YOUR GOAL: Exclude the pictures. Transcribe, exactly as written, the lines from the one with "Spërkatës për bimë, Fiskars" through the end of the entries below.

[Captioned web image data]
==*==

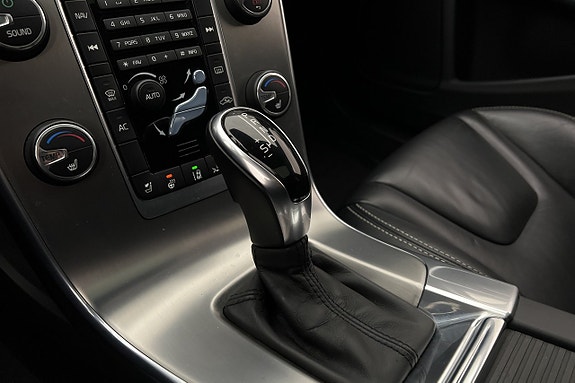 Volvo V60 22 of 28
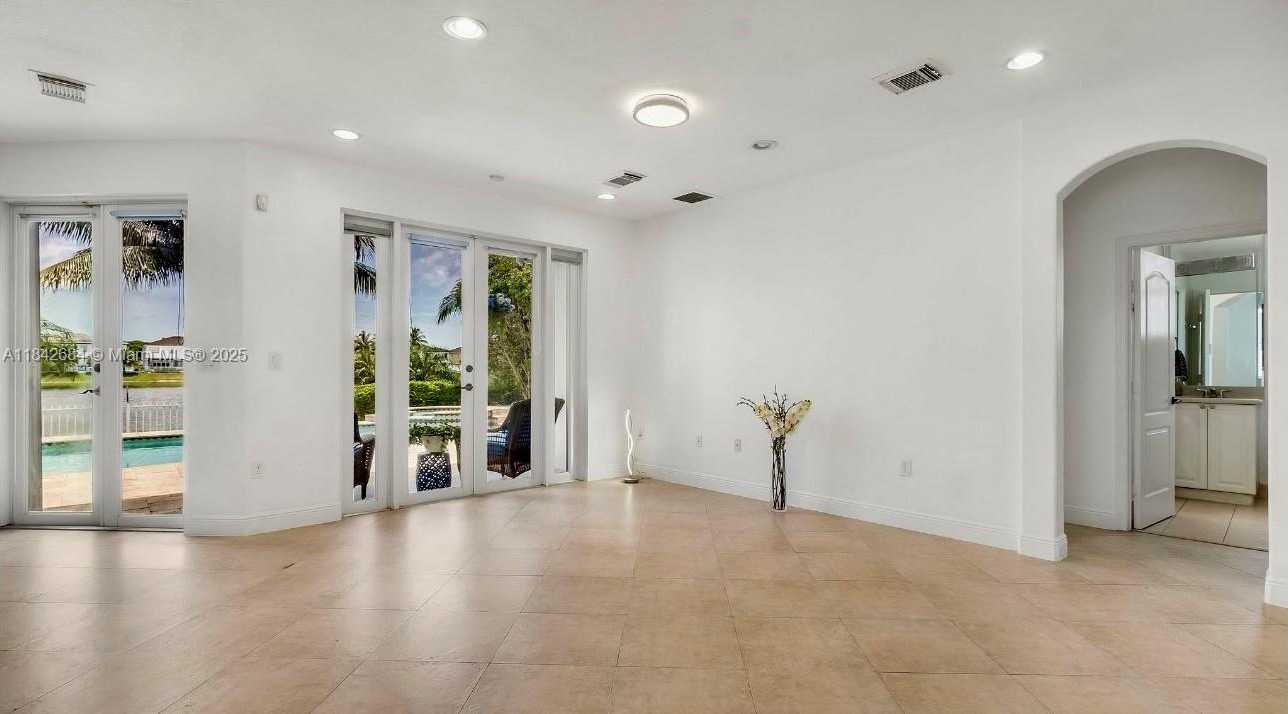Small Image of 1421 SOUTH WEST 153RD PATH, Miami Number 10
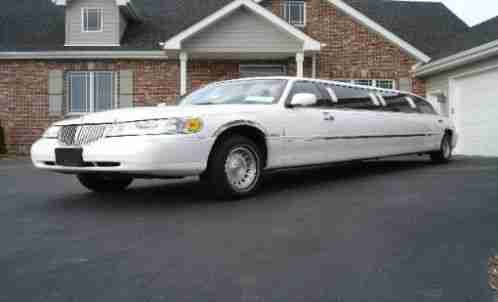 Lincoln Town Car 120 Stretched (2000)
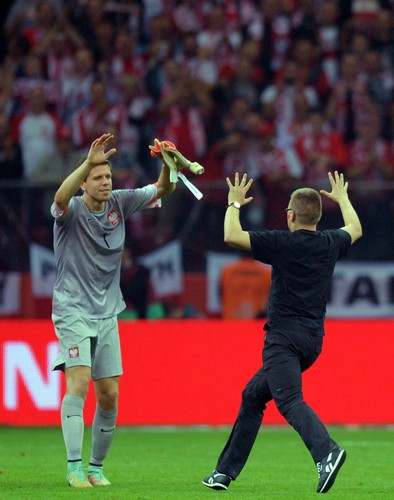 Szczęsny nie tylko zatrzymał Niemców. Ratował też kibica przed ochroniarzami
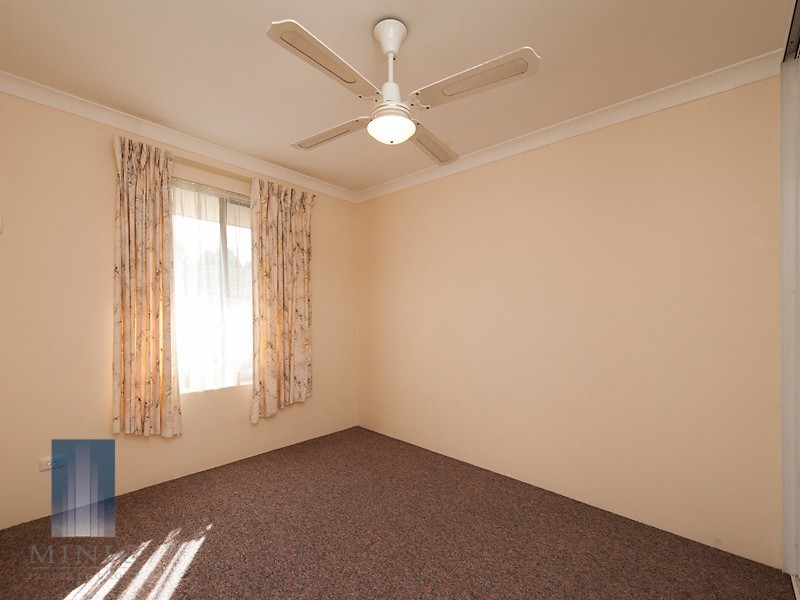 16 Calleen Court, Wilson WA 6107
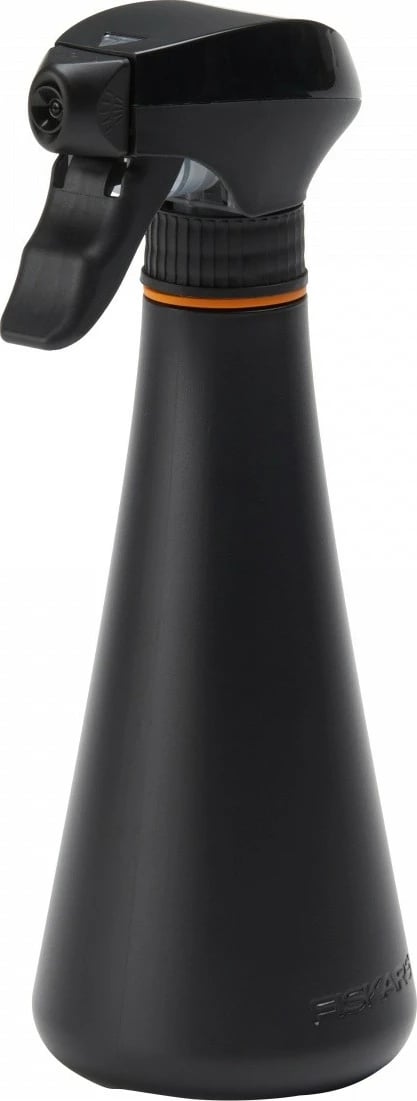 Spërkatës për bimë, Fiskars 1071306, trup rezinë me 30% plastikë të ricikluar, bllokim grykë, i lehtë, e zezë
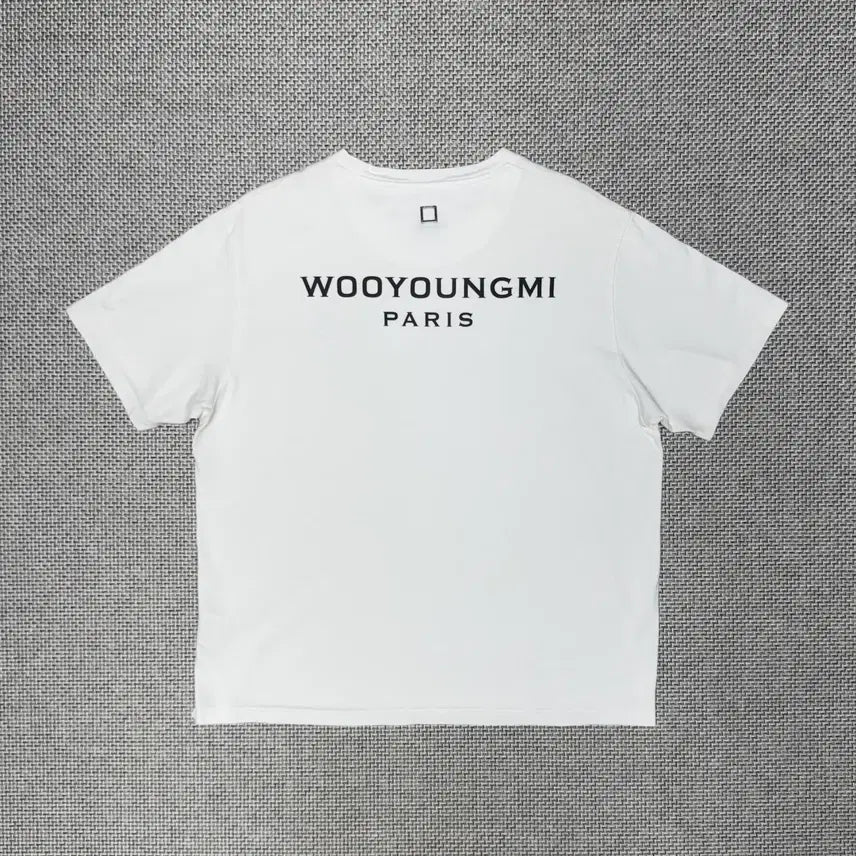 [BUNJANG] WooYoungMi Back Logo Short Sleeve T-Shirt / [리오브양주점] 우영미 백로고 반팔 티셔츠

==*==

SOLUTION TO THIS TASK:
 Spërkatës për bimë, Fiskars 1071306, trup rezinë me 30% plastikë të ricikluar, bllokim grykë, i lehtë, e zezë
 [BUNJANG] WooYoungMi Back Logo Short Sleeve T-Shirt / [리오브양주점] 우영미 백로고 반팔 티셔츠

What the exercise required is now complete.